Wednesday, February 15, 2006

France: the second world country

as i've said before, France definitely couldn't ever be considered a third world country, although when you go to the post office it feels slightly like it, so as a compromise i call it the "Second world country"

As opposed to of course the mighty mighty mouthy country we all know and love; the U.S.

a few snippits for comparaison purposes:

my wifi card -
i ordered it in Dec, still not here. why you ask? they have run out of stock. As far as I can remember anything I've ever needed in the states (except for car parts) is always available and at any time of the day.
The kicker is that the place where i internet ordered it from didn't even have the customer service-ness to notify me. (Have I mentioned that the US is the best country in the world for customer service too?As J.D. says "here the customer is king, but the king better know when to shut the fuck up")
so as of the 15th of Feb, i still have no wifi card. shucks.

my gym -
given, Rouen is a small town (250,000 in the center and surrounding mini-suburbs); and everything in France is teeny tiny. which i rather like. and so is my gym. I just signed up for a year's membership (hitting the diet trail again) and off I went.
Here's where you laugh. It has three eliptus machines (the ones where it feels like you're running but your feet never leave the footpads - running, but low impact), four bikes, one rowing machine, three treadmills, one of every weight machine, some other random torture devices, and the aerobics classes room. Oh, and yes for the cardio machines there is one tiny television to distract you from your fat-burning agony session.
Open till 8.30 pm (practically a revolution for France), half day on Sat and not on Sunday. (Who the hell could not have their gym open on Sunday?)
However the best part is a sauna - teeny and big enough for four people but hey, any sauna is better than none. Even though I do prefer steam rooms.

Now you have to understand I went with my friend K to her gym in the burbs - 24 hours; a tv for every machine, machines too many to count, steamroom and sauna, blah blah blah. you get the idea.

My "controle technique" -
For the first time in France, I got pulled over. Turns out every car older than five years old has to go to a technical control every two years.
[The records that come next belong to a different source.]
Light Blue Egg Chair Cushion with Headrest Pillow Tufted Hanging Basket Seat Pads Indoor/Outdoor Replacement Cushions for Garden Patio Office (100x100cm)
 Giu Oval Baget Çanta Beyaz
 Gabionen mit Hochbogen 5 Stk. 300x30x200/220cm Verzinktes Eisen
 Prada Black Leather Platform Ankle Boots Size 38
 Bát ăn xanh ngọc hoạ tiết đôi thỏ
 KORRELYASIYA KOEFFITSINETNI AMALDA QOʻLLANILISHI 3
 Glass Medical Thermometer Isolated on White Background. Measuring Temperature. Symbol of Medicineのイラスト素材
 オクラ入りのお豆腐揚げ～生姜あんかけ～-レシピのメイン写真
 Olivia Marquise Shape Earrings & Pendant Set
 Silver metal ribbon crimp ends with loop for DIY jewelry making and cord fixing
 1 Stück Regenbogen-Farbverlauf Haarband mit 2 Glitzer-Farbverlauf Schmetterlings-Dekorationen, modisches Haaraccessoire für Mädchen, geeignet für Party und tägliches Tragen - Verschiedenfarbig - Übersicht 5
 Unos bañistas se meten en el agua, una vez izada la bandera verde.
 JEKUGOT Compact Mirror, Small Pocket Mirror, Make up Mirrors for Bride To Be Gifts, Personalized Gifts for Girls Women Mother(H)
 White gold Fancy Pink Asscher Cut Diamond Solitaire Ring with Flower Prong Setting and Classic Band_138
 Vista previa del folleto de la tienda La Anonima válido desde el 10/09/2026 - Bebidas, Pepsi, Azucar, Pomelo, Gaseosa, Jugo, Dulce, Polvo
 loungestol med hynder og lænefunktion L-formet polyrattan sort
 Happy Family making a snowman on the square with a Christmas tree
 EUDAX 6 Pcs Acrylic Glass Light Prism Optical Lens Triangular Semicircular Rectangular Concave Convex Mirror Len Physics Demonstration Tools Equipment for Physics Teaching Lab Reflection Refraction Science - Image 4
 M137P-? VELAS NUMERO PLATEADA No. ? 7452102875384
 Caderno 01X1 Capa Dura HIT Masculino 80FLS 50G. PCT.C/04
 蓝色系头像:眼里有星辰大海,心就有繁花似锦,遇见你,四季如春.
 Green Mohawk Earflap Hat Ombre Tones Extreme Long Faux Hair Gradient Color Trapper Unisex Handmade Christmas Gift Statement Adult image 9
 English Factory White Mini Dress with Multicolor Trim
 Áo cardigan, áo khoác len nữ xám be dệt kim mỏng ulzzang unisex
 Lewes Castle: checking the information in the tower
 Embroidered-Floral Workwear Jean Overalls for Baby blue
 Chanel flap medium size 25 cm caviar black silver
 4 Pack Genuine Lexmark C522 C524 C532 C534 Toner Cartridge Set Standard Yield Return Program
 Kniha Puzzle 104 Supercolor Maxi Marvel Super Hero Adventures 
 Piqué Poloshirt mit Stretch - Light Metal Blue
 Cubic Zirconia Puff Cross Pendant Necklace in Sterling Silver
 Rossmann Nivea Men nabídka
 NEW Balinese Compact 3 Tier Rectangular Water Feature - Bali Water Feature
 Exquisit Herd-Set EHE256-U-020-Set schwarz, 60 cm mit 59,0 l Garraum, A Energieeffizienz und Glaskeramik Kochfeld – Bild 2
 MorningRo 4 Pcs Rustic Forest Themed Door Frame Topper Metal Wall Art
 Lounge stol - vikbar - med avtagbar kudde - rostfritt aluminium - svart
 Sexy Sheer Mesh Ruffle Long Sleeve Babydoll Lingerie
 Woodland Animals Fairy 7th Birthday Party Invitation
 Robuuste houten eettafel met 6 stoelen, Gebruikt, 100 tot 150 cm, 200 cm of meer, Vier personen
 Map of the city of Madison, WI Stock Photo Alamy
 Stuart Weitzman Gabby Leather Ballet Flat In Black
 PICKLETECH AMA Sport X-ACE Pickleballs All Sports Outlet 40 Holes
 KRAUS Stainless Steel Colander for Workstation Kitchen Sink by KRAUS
J.D. and i being two lowly foreigners (and first time french car owners) didn't know. and the lesson cost me 151 euros. FUN!
(Important aside - i gave him my american drivers licence and he didn't say anything, whew! that could have technically turned into a big mess, but that's a story for another blog)

So, now that i need to have one of these technical controls, i promply finish my day's work, go home and call one place that i drive by regularly. I call 'em up, they tell me their open, i say i'll be right over. WHOAH little girl! you have to make an appointment. Ridiculous. Like for the dentist's office? yes like for the dentist's office.
second world country. J.D. laughs and proptly reminds me I'm not in the US.
So i make my appointment and that dirty deed got done.
make an appointment?????
i still don't get it; the funny part is also that anytime i drive by one of these places, THERE'S NO ONE THERE!
could it be pessimistic of me to suggest that it could possibly have something to do with the french work ethic? (meaning - avoid real work as much and as long as you can)

well, i'm sure i'll have more for later, for the moment this will have to do.